Your task -
Line by line, return the data exactly as shown.

*** Opening of Source information ***

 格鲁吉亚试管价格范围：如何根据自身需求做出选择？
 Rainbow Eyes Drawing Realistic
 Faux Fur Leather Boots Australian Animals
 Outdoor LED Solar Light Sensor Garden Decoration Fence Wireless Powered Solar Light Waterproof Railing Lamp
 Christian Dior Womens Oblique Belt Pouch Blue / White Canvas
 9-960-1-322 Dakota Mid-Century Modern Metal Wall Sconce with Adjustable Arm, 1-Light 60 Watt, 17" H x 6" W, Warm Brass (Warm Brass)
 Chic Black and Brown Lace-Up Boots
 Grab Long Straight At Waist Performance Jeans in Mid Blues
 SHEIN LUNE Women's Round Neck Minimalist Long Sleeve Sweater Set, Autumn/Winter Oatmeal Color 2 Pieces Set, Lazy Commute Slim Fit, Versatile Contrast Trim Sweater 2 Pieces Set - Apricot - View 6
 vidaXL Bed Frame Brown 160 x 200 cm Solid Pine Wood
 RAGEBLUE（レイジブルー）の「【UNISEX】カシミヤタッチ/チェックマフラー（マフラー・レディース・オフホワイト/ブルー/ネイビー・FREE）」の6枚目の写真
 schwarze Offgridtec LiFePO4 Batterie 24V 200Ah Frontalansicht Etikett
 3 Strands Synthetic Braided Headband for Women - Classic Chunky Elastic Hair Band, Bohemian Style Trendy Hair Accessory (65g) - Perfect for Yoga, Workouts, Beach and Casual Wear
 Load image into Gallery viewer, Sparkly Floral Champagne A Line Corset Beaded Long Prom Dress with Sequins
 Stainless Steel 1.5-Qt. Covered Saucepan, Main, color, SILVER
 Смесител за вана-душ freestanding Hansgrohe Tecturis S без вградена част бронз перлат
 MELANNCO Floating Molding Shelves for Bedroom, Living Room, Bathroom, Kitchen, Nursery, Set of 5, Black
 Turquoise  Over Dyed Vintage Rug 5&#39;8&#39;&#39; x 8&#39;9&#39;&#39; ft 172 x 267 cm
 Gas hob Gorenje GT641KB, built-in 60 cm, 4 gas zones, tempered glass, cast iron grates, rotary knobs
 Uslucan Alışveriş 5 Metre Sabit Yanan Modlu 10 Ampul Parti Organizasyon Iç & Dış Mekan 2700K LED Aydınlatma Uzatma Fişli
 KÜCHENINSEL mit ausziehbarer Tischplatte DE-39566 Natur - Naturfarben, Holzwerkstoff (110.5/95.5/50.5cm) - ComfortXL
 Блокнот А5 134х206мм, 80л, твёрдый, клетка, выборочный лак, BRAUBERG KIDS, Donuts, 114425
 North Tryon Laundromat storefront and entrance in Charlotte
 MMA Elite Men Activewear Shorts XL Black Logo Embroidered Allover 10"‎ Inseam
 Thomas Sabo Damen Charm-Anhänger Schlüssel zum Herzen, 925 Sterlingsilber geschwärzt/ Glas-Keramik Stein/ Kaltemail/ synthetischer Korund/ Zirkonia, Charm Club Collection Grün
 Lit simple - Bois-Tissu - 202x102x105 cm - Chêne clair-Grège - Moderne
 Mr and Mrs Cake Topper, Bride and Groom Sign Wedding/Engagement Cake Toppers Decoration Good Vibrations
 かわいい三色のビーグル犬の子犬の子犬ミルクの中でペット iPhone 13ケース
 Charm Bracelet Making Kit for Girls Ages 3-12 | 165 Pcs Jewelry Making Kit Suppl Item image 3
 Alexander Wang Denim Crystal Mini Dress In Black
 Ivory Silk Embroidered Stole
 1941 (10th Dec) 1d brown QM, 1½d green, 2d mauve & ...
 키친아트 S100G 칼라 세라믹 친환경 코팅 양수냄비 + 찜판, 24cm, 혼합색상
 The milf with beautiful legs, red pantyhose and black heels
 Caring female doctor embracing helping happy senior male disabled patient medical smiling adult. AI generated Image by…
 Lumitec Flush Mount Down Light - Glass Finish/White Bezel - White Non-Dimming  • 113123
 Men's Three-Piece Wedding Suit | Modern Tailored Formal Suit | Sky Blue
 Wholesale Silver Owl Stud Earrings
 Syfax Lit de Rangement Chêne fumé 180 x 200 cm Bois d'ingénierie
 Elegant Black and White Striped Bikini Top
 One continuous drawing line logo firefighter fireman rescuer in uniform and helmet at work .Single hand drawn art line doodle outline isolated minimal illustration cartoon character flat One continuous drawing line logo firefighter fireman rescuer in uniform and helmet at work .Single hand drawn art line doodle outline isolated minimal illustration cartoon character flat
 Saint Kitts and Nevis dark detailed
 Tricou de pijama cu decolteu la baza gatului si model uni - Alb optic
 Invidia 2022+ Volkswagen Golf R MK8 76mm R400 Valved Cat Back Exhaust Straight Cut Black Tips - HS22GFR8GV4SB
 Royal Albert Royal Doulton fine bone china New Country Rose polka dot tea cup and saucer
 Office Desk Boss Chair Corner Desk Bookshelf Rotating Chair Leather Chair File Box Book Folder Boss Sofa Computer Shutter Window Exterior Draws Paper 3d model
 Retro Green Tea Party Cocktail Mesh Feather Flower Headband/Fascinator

*** Close of Source information ***

Output for this exercise -
 格鲁吉亚试管价格范围：如何根据自身需求做出选择？
 Rainbow Eyes Drawing Realistic
 Faux Fur Leather Boots Australian Animals
 Outdoor LED Solar Light Sensor Garden Decoration Fence Wireless Powered Solar Light Waterproof Railing Lamp
 Christian Dior Womens Oblique Belt Pouch Blue / White Canvas
 9-960-1-322 Dakota Mid-Century Modern Metal Wall Sconce with Adjustable Arm, 1-Light 60 Watt, 17" H x 6" W, Warm Brass (Warm Brass)
 Chic Black and Brown Lace-Up Boots
 Grab Long Straight At Waist Performance Jeans in Mid Blues
 SHEIN LUNE Women's Round Neck Minimalist Long Sleeve Sweater Set, Autumn/Winter Oatmeal Color 2 Pieces Set, Lazy Commute Slim Fit, Versatile Contrast Trim Sweater 2 Pieces Set - Apricot - View 6
 vidaXL Bed Frame Brown 160 x 200 cm Solid Pine Wood
 RAGEBLUE（レイジブルー）の「【UNISEX】カシミヤタッチ/チェックマフラー（マフラー・レディース・オフホワイト/ブルー/ネイビー・FREE）」の6枚目の写真
 schwarze Offgridtec LiFePO4 Batterie 24V 200Ah Frontalansicht Etikett
 3 Strands Synthetic Braided Headband for Women - Classic Chunky Elastic Hair Band, Bohemian Style Trendy Hair Accessory (65g) - Perfect for Yoga, Workouts, Beach and Casual Wear
 Load image into Gallery viewer, Sparkly Floral Champagne A Line Corset Beaded Long Prom Dress with Sequins
 Stainless Steel 1.5-Qt. Covered Saucepan, Main, color, SILVER
 Смесител за вана-душ freestanding Hansgrohe Tecturis S без вградена част бронз перлат
 MELANNCO Floating Molding Shelves for Bedroom, Living Room, Bathroom, Kitchen, Nursery, Set of 5, Black
 Turquoise  Over Dyed Vintage Rug 5&#39;8&#39;&#39; x 8&#39;9&#39;&#39; ft 172 x 267 cm
 Gas hob Gorenje GT641KB, built-in 60 cm, 4 gas zones, tempered glass, cast iron grates, rotary knobs
 Uslucan Alışveriş 5 Metre Sabit Yanan Modlu 10 Ampul Parti Organizasyon Iç & Dış Mekan 2700K LED Aydınlatma Uzatma Fişli
 KÜCHENINSEL mit ausziehbarer Tischplatte DE-39566 Natur - Naturfarben, Holzwerkstoff (110.5/95.5/50.5cm) - ComfortXL
 Блокнот А5 134х206мм, 80л, твёрдый, клетка, выборочный лак, BRAUBERG KIDS, Donuts, 114425
 North Tryon Laundromat storefront and entrance in Charlotte
 MMA Elite Men Activewear Shorts XL Black Logo Embroidered Allover 10"‎ Inseam
 Thomas Sabo Damen Charm-Anhänger Schlüssel zum Herzen, 925 Sterlingsilber geschwärzt/ Glas-Keramik Stein/ Kaltemail/ synthetischer Korund/ Zirkonia, Charm Club Collection Grün
 Lit simple - Bois-Tissu - 202x102x105 cm - Chêne clair-Grège - Moderne
 Mr and Mrs Cake Topper, Bride and Groom Sign Wedding/Engagement Cake Toppers Decoration Good Vibrations
 かわいい三色のビーグル犬の子犬の子犬ミルクの中でペット iPhone 13ケース
 Charm Bracelet Making Kit for Girls Ages 3-12 | 165 Pcs Jewelry Making Kit Suppl Item image 3
 Alexander Wang Denim Crystal Mini Dress In Black
 Ivory Silk Embroidered Stole
 1941 (10th Dec) 1d brown QM, 1½d green, 2d mauve & ...
 키친아트 S100G 칼라 세라믹 친환경 코팅 양수냄비 + 찜판, 24cm, 혼합색상
 The milf with beautiful legs, red pantyhose and black heels
 Caring female doctor embracing helping happy senior male disabled patient medical smiling adult. AI generated Image by…
 Lumitec Flush Mount Down Light - Glass Finish/White Bezel - White Non-Dimming  • 113123
 Men's Three-Piece Wedding Suit | Modern Tailored Formal Suit | Sky Blue
 Wholesale Silver Owl Stud Earrings
 Syfax Lit de Rangement Chêne fumé 180 x 200 cm Bois d'ingénierie
 Elegant Black and White Striped Bikini Top
 One continuous drawing line logo firefighter fireman rescuer in uniform and helmet at work .Single hand drawn art line doodle outline isolated minimal illustration cartoon character flat One continuous drawing line logo firefighter fireman rescuer in uniform and helmet at work .Single hand drawn art line doodle outline isolated minimal illustration cartoon character flat
 Saint Kitts and Nevis dark detailed
 Tricou de pijama cu decolteu la baza gatului si model uni - Alb optic
 Invidia 2022+ Volkswagen Golf R MK8 76mm R400 Valved Cat Back Exhaust Straight Cut Black Tips - HS22GFR8GV4SB
 Royal Albert Royal Doulton fine bone china New Country Rose polka dot tea cup and saucer
 Office Desk Boss Chair Corner Desk Bookshelf Rotating Chair Leather Chair File Box Book Folder Boss Sofa Computer Shutter Window Exterior Draws Paper 3d model
 Retro Green Tea Party Cocktail Mesh Feather Flower Headband/Fascinator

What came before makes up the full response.